Menurut Kiai Asep, dalam setiap angkatan ada 65 kader yang dilatih, baik dari segi pemikiran dan wawasan maupun keterampilan berorganisasi.
“Pesertanya adalah gus-gus, putra-putra kiai yang tulus-tulus,” kata Kiai Asep sembari mengatakan bahwa seorang gus seharusnya tulus, tidak pragmatis. “Dulu putra kiai tulus-tulus,” tambah Kiai Asep.
Sedang tutornya para kiai yang punya kapasitas dan alim serta punya wawasan luas. “Tutornya Kiai Asnawi Kudus, Kiai Ridwan Semarang,” ujar Kiai Asep menyebut beberapa nama.
Pada tahun terakhir, Nahdlatul Wathan diketuai oleh KH Abdul Wahab Hasbullah, sedangkan sektretarisnya adalah KH Abdul Chalim, ayahanda Kiai Asep.
Karena itu ketika formasi kepemimpin PBNU perdana tersusun - terdiri dari Hadratussyaikh KH Muhammad Hasyim Asy’ari sebagai Rais Akbar, Kiai Achmad Dahlan Achyad sebagai Wakil Rais Akbar, KH A Wahab Hasbullah sebagai Katib Awal, KH Abdul Chalim sebagai Katib Tsani – Hadratussyaikh menugasi Kiai Wahab dan Kiai Abdul Chalim untuk menusun kepengurusan berikutnya.

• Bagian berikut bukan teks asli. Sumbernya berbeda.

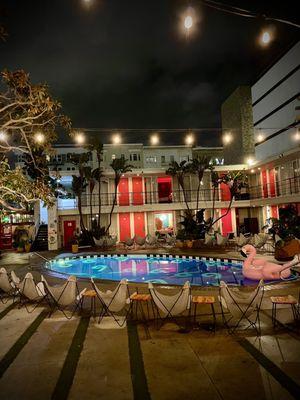 Enclosed pool courtyard, they'd had a wedding here tonight and it looked amazing.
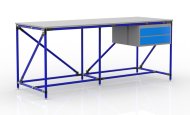 Tavolo da officina con contenitore con due cassetti larghezza 2000 mm, 240405314 - 3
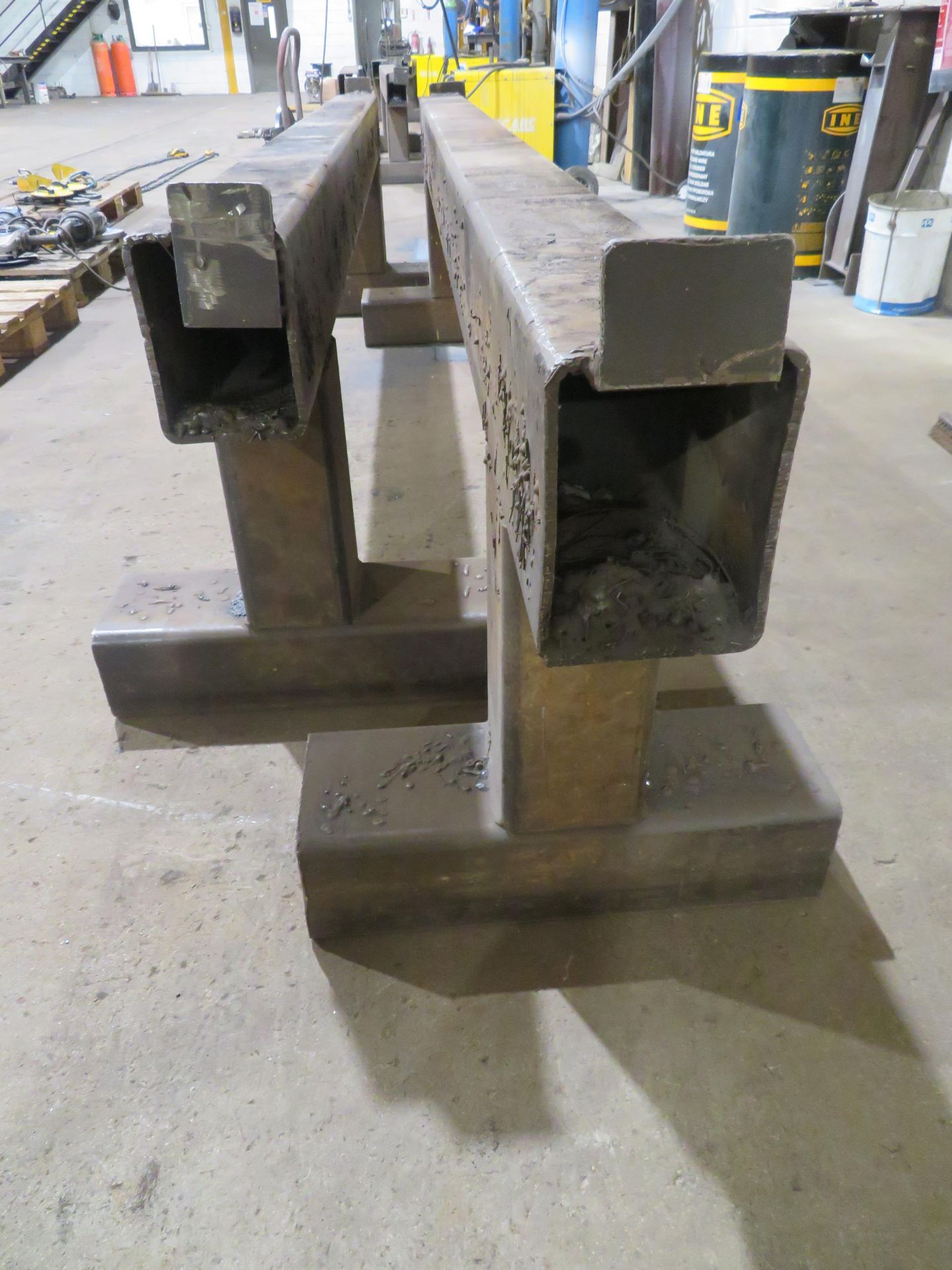 2x Box section steel trestles (3000 x 150 x 700mm H) - Image 2 of 2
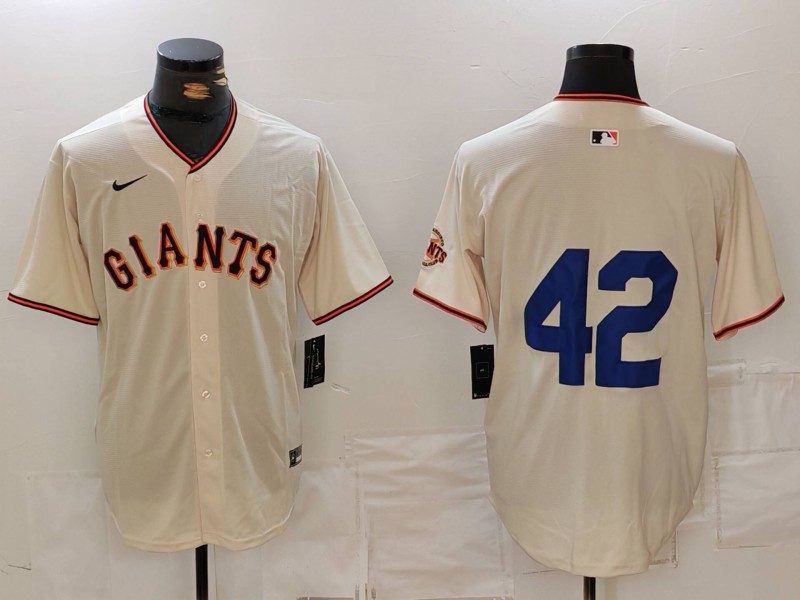 Men's San Francisco Giants #42 Jackie Robinson Cream Stitched Baseball Jersey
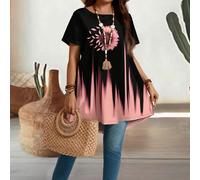Femmes grande taille Col rond Manches courtes T-shirt longue longueur, convient pour l'été Décontracté Pays Concert, Vêtements occidentaux pour femmes, Boho Chic 0XL,1XL,2XL,3XL,4XL,5XLFloralTissu tri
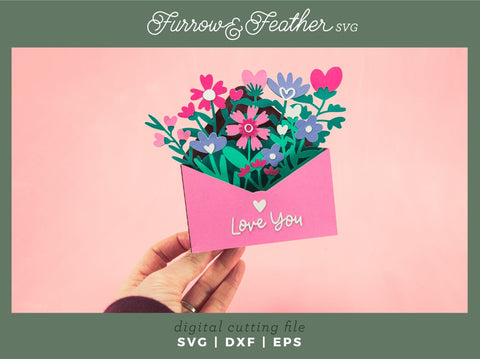 Love You Wildflower Envelope Card - Valentine's Day Card SVG 3D Paper Furrow and Feather SVG 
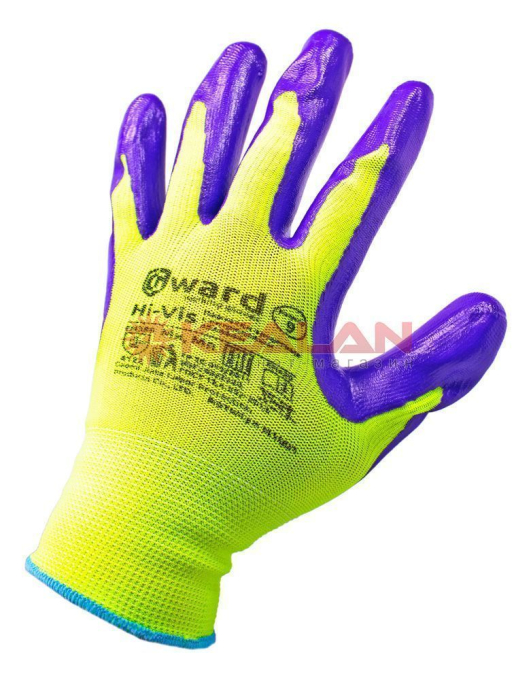 GWARD Hi-Vis перчатки нейлоновые с нитриловым покрытием, 9/L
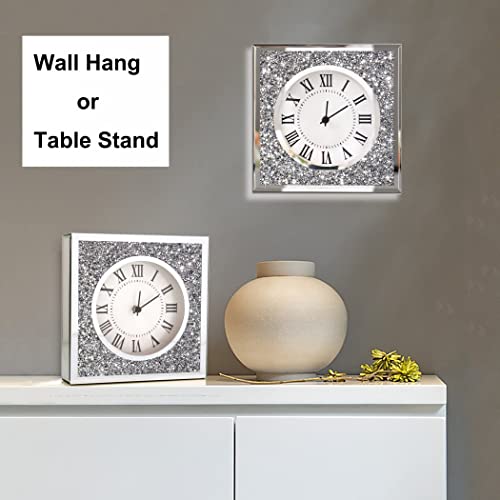 Desk Small Clocks 8x8x2 Inch Crystal Sparkle Twinkle Bling Square Crushed Diamond Mirrored Table Top Decorative Clock for Home Decoration Silver Mirror Home Decor. AA Battery is not included.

“Karena beliau-beliau itulah yang aktif dalam Nahdlatul Wathan,” ujar Kiai Asep sembari mengatakan bahwa nama Nahdlatul Ulama itu diambil dari nama Nahdlatul Wathan dan 65 yang hadir.
“Jadi Nahdlah itu diambil dari Nadhaltul Wathan, sedang Ulama-nya diambilkan dari 65 ulama yang hadir, maka jadilah Nahdlatul Ulama,” tegasnya.

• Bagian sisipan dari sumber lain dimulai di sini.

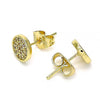 Arete Dormilona 02.156.0547 Oro Laminado, con Micro Pave Blanca, Pulido, Dorado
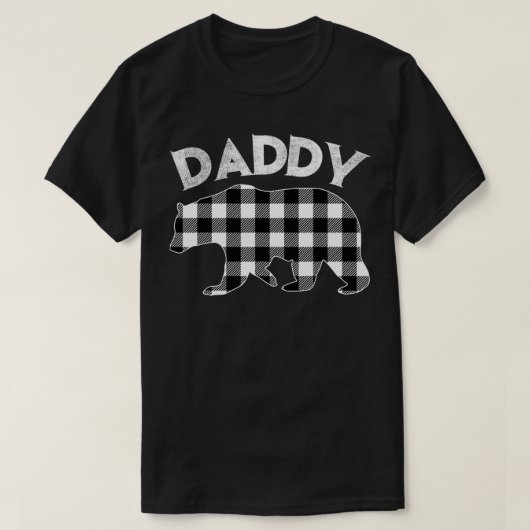 Karierter Daddy Bär - Schwarz und Weiß Buffalo Wei T-Shirt (Design vorne)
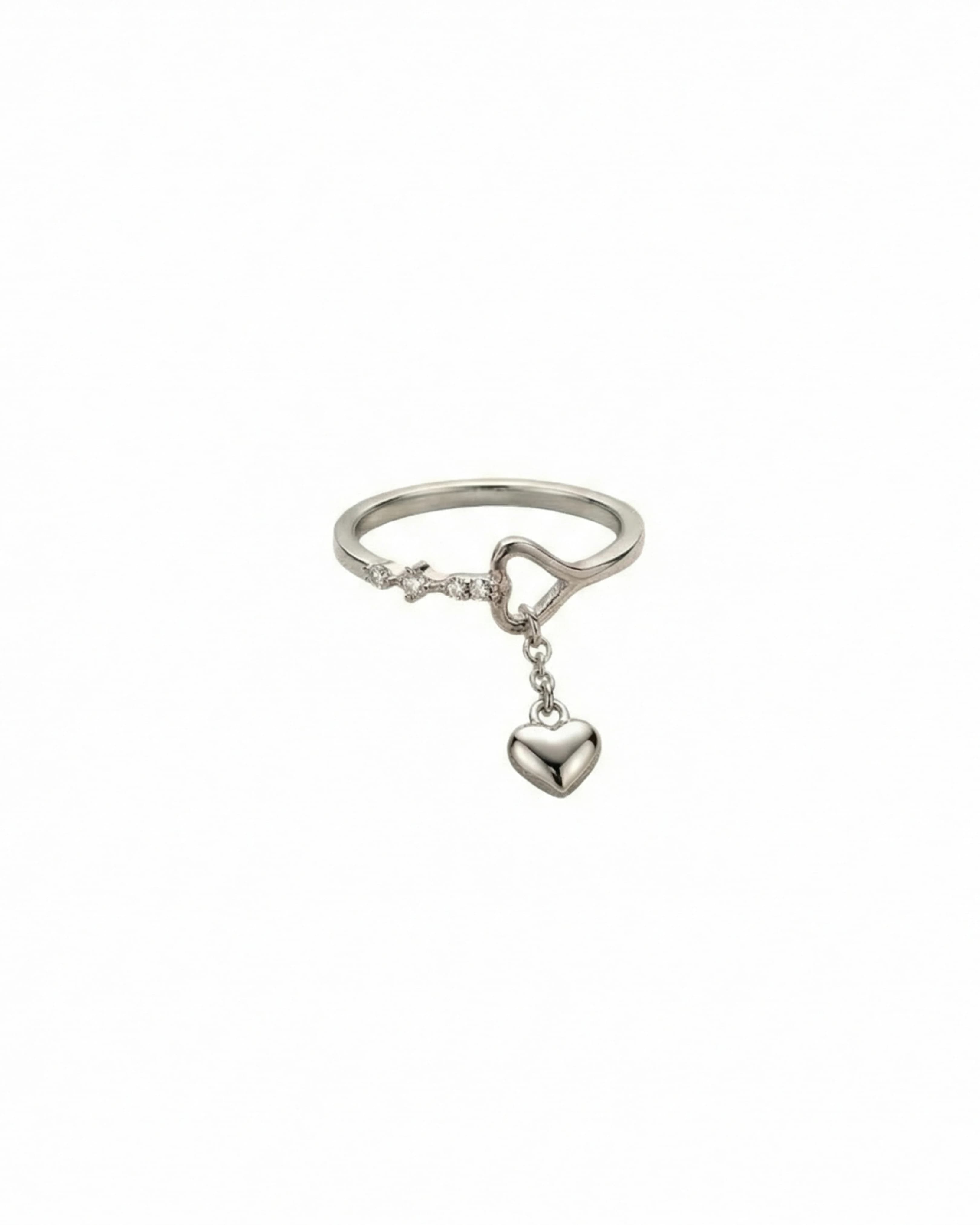 Eternal Love Dangle Heart Ring – 925 Sterling Silver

Kiai Asep mengapresiasi langkah Kiai Shodiq yang menggelar mujahadah bersama.
“Mujahadah ini mewakili keruwetan NU,” tegas Kiai Asep.
Menurut Kiai Asep, pengurus NU tempo dulu adalah para kiai tulus dan Ikhlas.
“Dulu para kiai rebutan untuk menolak jadi pengurus NU,” kata pendiri dan pengasuh Pondok Pesantren Amanatul Ummah.
KH Muadz Thohir juga sepakat dengan pemikiran Kiai Asep. Kiai Muadz bercerita bahwa dulu KH Abdul Sahal Mahfudz selalu menolak dicalonkan sebagai Rais Aam. “Menurut Kiai Sahal seorang Rais Aam itu harus faqih,” tegasnya.
Padahal Kiai Sahal Mahfudz sendiri dikenal sebagai ulama faqih dan alim ‘allamah. Tapi Kiai Sahal kemudian tak bisa menolak ketika para Muktamirin NU sepakat memilih menjadi Rais ‘Aam Syuriah PBNU di Muktamar ke-30 NU di Lirboyo Kediri pada 1999.